Compreende-se que assim seja: o processo de insolvência, não obstante ter uma finalidade essencialmente liquidatória, admite a manutenção e a recuperação da empresa, o que pressupõe que não existam soluções de continuidade na execução das prestações laborais. Deste modo, é de excluir a eficácia extintiva automática da declaração da insolvência (Luís Carvalho Fernandes, loc. cit., p. 230), reservando ao administrador da insolvência o dever de continuar a cumprir integralmente as obrigações para com os trabalhadores até ao encerramento definitivo da empresa (art. 347/1, parte final, do CT), o que resulta do disposto no art. 81/1 e 4, onde lhe é atribuída a responsabilidade pela administração da massa insolvente e a representação do devedor para todos os efeitos de carácter patrimonial que interessam à insolvência. Isto sem prejuízo, claro está, da possibilidade de o administrador da insolvência, ainda antes do encerramento definitivo do estabelecimento, pode fazer cessar os contratos de trabalho dos trabalhadores cuja colaboração não seja indispensável à manutenção do funcionamento da empresa (art. 347/2 do CT).

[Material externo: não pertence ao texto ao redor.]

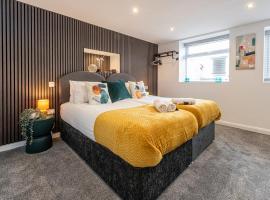 The Sage, ξενοδοχείο διαμερισμάτων σε Lytham St Annes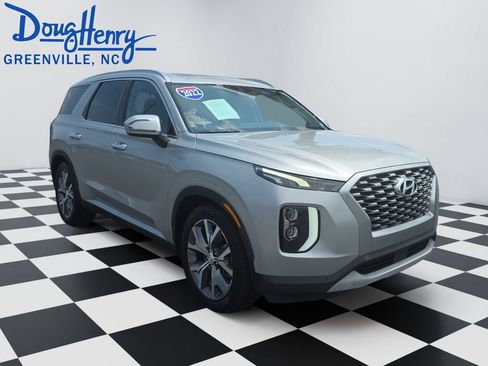 Used 2022 Hyundai Palisade SEL w/ 8P Bench Seat Package FWD image 7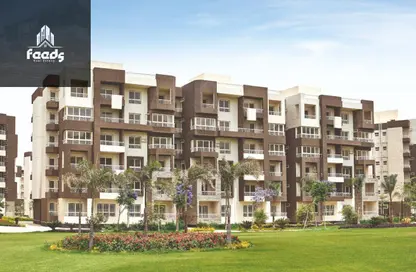 Apartment - Studio - 1 Bathroom for sale in Bait Alwatan - The 5th Settlement - New Cairo City - Cairo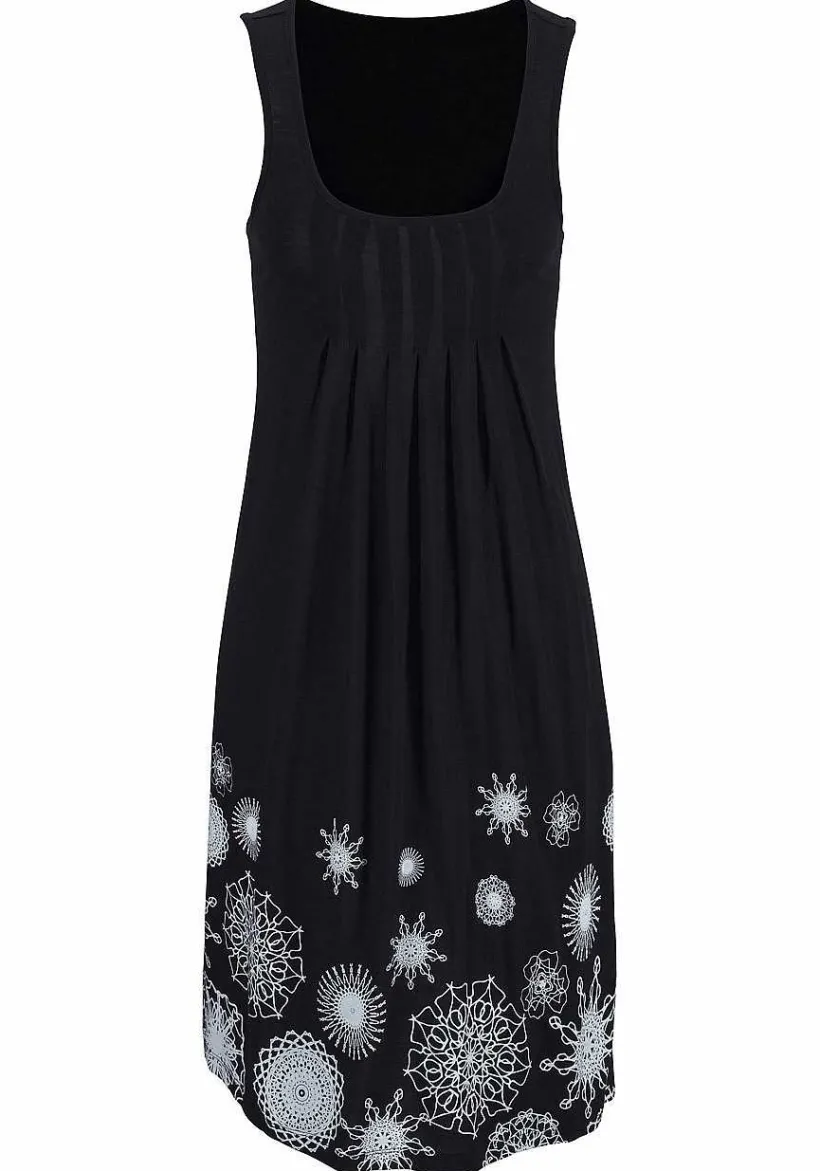 LASCANA Sundresses-Sleeveless Printed Dress
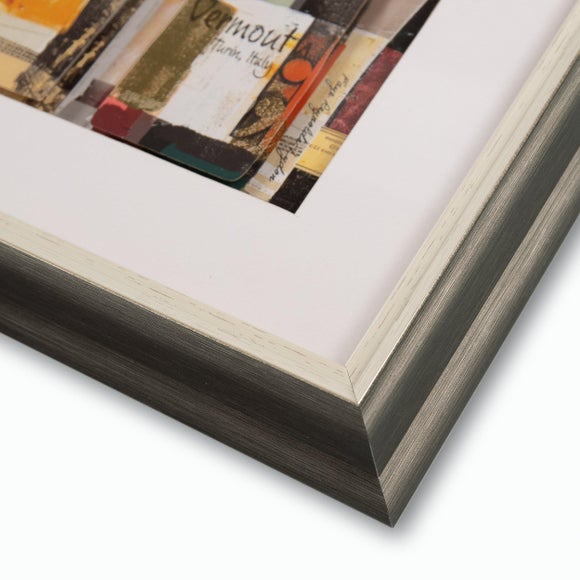 Cedar & Sage Wines of The World Framed Print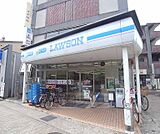 ローソン　山科御陵店まで144m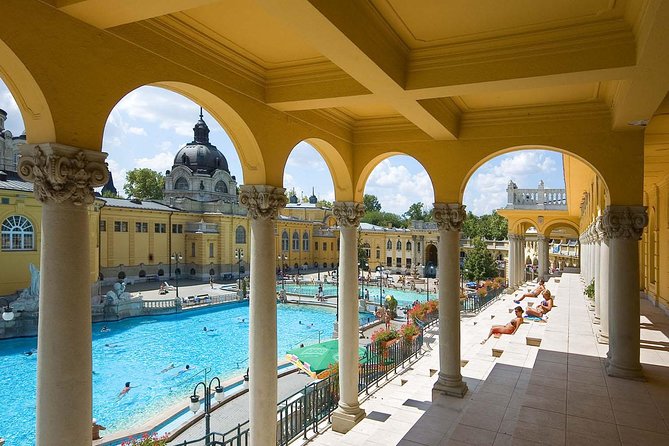 Budapest Széchenyi Thermal Spa Ticket - Is $59.03 good value?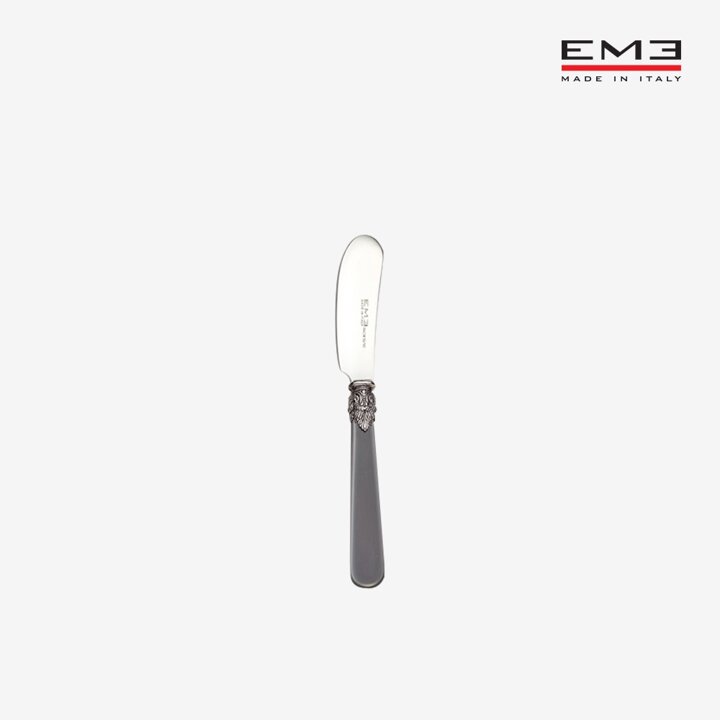 [EME] 나폴레옹 버터 나이프 small (펄그레이) 1p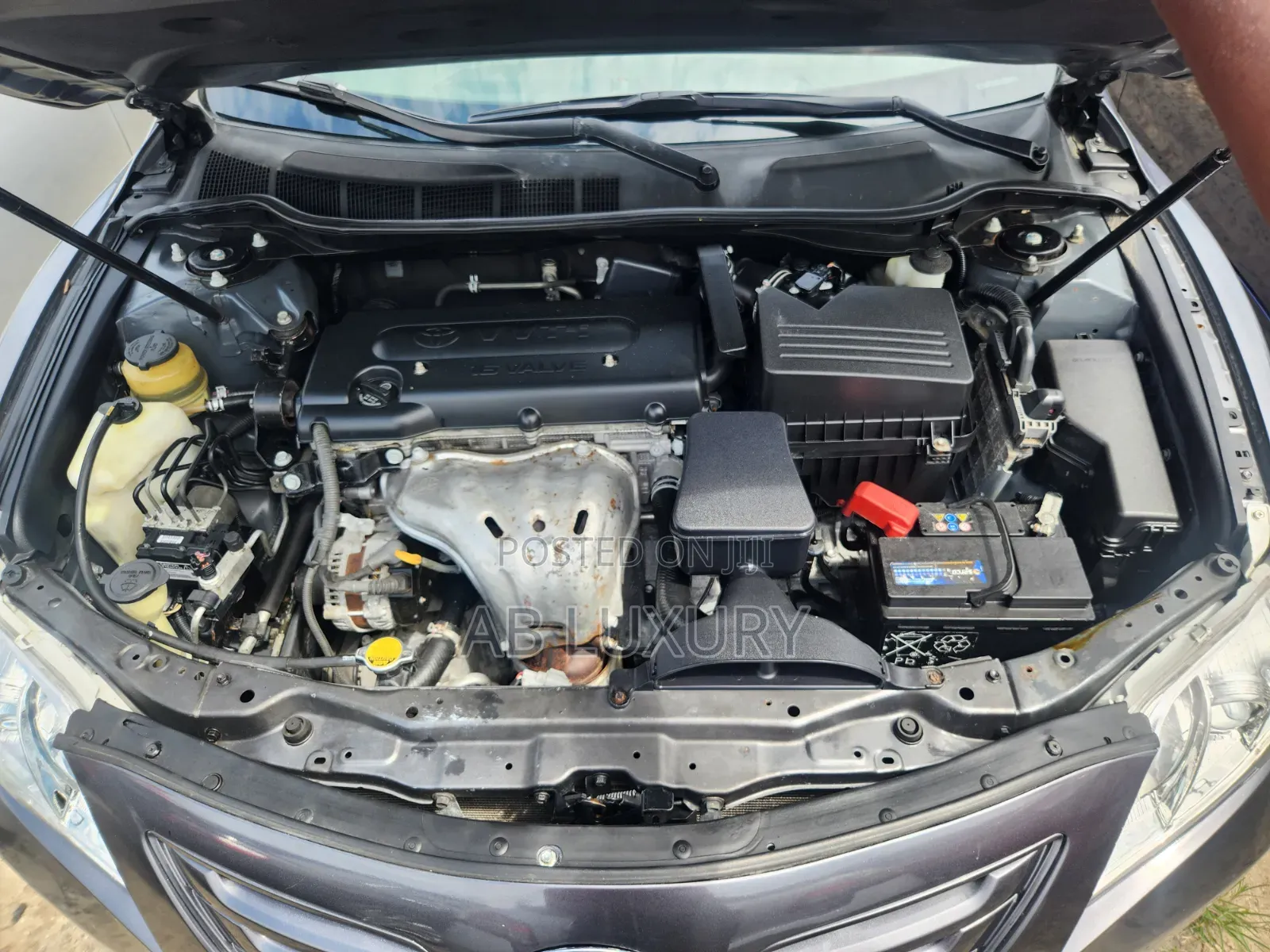 Toyota Camry 2009 Gray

Com relevo para a decisão do recurso, convém ainda salientar que o n.º 1 do art. 347 do CT não faz qualquer referência às situações em que a administração da massa insolvente é atribuída ao devedor.
Afigura-se, que, por identidade de razões, deve valer o mesmo regime. Neste sentido, RC 17.07.2010 (562/09.7T2AVR-P.C1), relatado por António Barateiro Martins, onde se pode ler que “declarada a insolvência, incumbe ao administrador da insolvência continuar a satisfazer as obrigações contratuais para com os trabalhadores da insolvente; incumbência que pertencerá ao devedor/insolvente quando, como foi o caso dos autos, lhe é atribuída a administração da massa insolvente nos termos do art. 223 e ss. do CIRE.” Na doutrina, Luís Carvalho Fernandes (loc. cit., p. 230), Catarina Serra (Lições de Direito da Insolvência cit., p. 273) e Joana Costeira (Os Efeitos da Declaração Judicial de Insolvência no Contrato de Trabalho cit., p. 45), escrevendo esta última que “devemos fazer uma interpretação sistemática do preceito [refere-se ao art. 347/1 do CT] e assumir que este dever de cumprir as obrigações laborais enquanto os contratos de trabalho subsistem se aplica também ao devedor encarregue de administrar a massa insolvente, sob a fiscalização do administrador da insolvência (arts. 224 e ss. do CIRE).”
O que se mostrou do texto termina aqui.